De nucleus motorius nervi trigemini is een motorische kern die verantwoordelijk is voor het besturen van bewegingen en bevindt zich in de achterhersenen, terwijl de andere drie kernen zich in de hersenstam bevinden en als sensorische kernen verantwoordelijk zijn voor het ontvangen van sensorische waarnemingen. De taak van de nucleus mesencephalicus nervi trigemini (letterlijk "hersenstamkern van de nervus trigeminus") bestaat hoofdzakelijk uit de onbewuste dieptewaarneming, de nucleus pontinus nervi trigemini ("overbruggende kern van de nervus trigeminus") neemt de bewuste dieptewaarneming, druk, spanning, positiewaarneming, enz. Over. een. En de nucleus spinalis nervi trigemini ("spinale nucleus van de nervus trigeminus") is protopathisch gevoelig, i. H. het absorbeert temperatuur, sterke druk en jeukprikkels.
Uw medicatie vindt u hier
➔ Geneesmiddelen tegen pijnZiekten
Schade aan de nervus trigeminus leidt in sommige gevallen tot perifere of centrale gevoeligheidsstoornissen. De perifere laesie treft gewoonlijk slechts één van de drie takken en leidt tot een verminderde waarneming of tot het volledig verlies van trigeminuswaarneming in dit specifieke gebied. Daarentegen heeft de centrale laesie geen invloed op de takken van de trigeminuszenuw, maar op de kernen.
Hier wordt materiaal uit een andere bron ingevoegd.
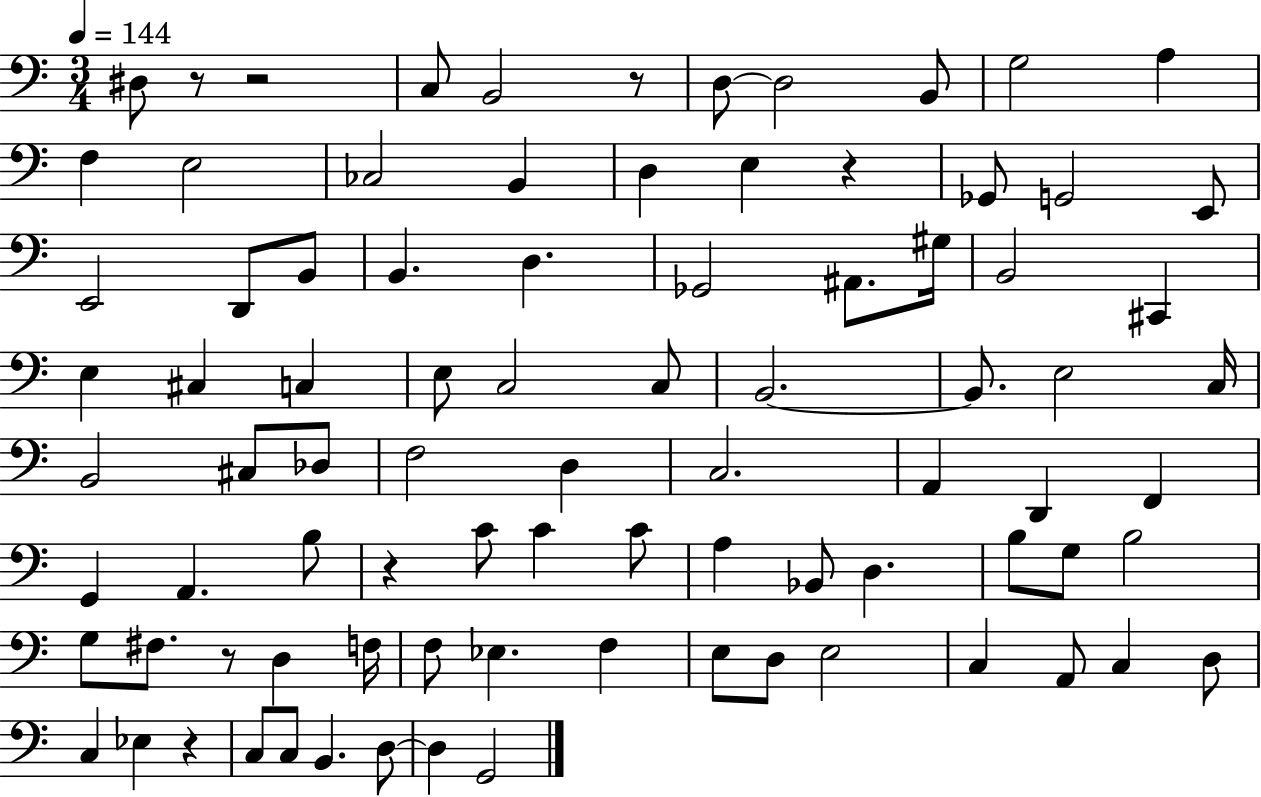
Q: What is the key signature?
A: C major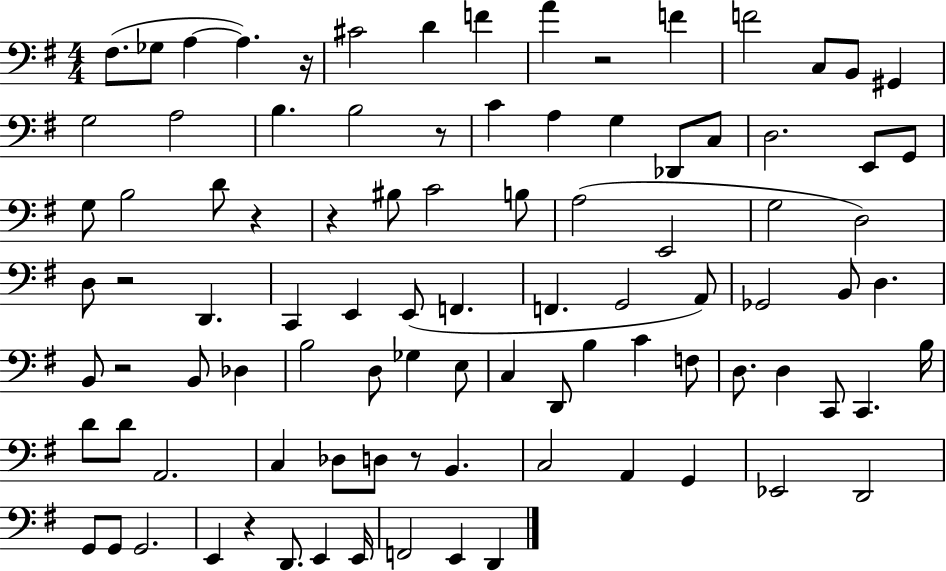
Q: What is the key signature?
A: G major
Als de nucleus spinalis nervi trigemini beschadigd is, ervaart de getroffen persoon cirkelvormige fouten. Daarentegen manifesteert trigeminusneuralgie zich in hevige pijn, die, samen met clusterhoofdpijn, een van de meest intense soorten pijn is, optreedt in de vorm van pijnaanvallen en tot twee minuten aanhoudt. Artsen gebruiken medicijnen om trigeminusneuralgie te behandelen, maar kunnen in hardnekkige gevallen ook operaties uitvoeren. Een andere ziekte van de trigeminuszenuw is het trigeminusneuroom, een tumor in de zenuwmantel.
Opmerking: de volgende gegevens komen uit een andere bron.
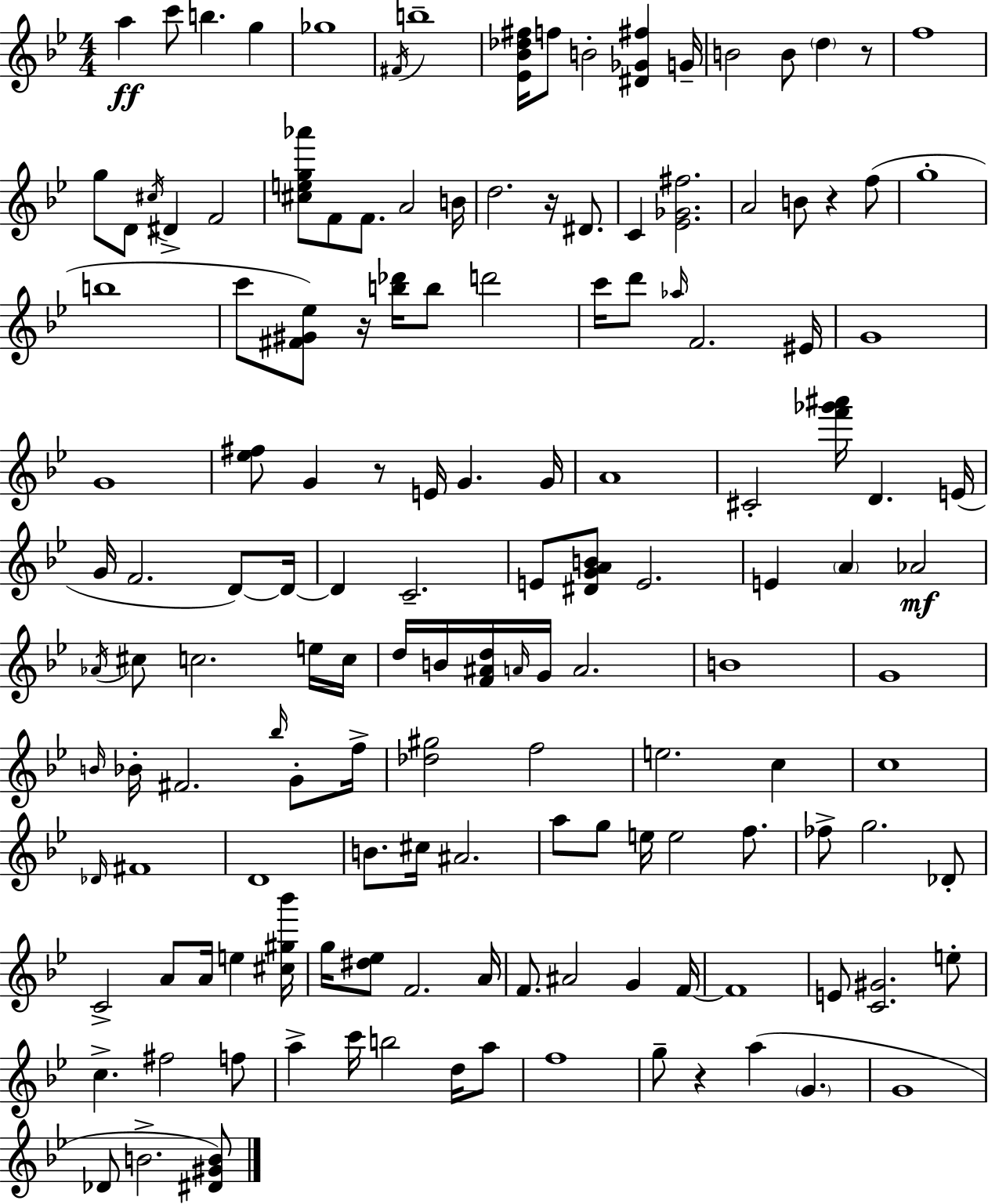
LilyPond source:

Meningitis, verhoogde druk (intracraniële druk) en ontsteking van de neusbijholten (sinusitis) kunnen ook de nervus trigeminus aantasten en typisch drukpijn veroorzaken. Artsen controleren daarom de trigeminale drukpunten op beide helften van het gezicht als ze een overeenkomstige ziekte vermoeden om veranderingen te identificeren. De therapie is in deze gevallen afhankelijk van de oorzaak.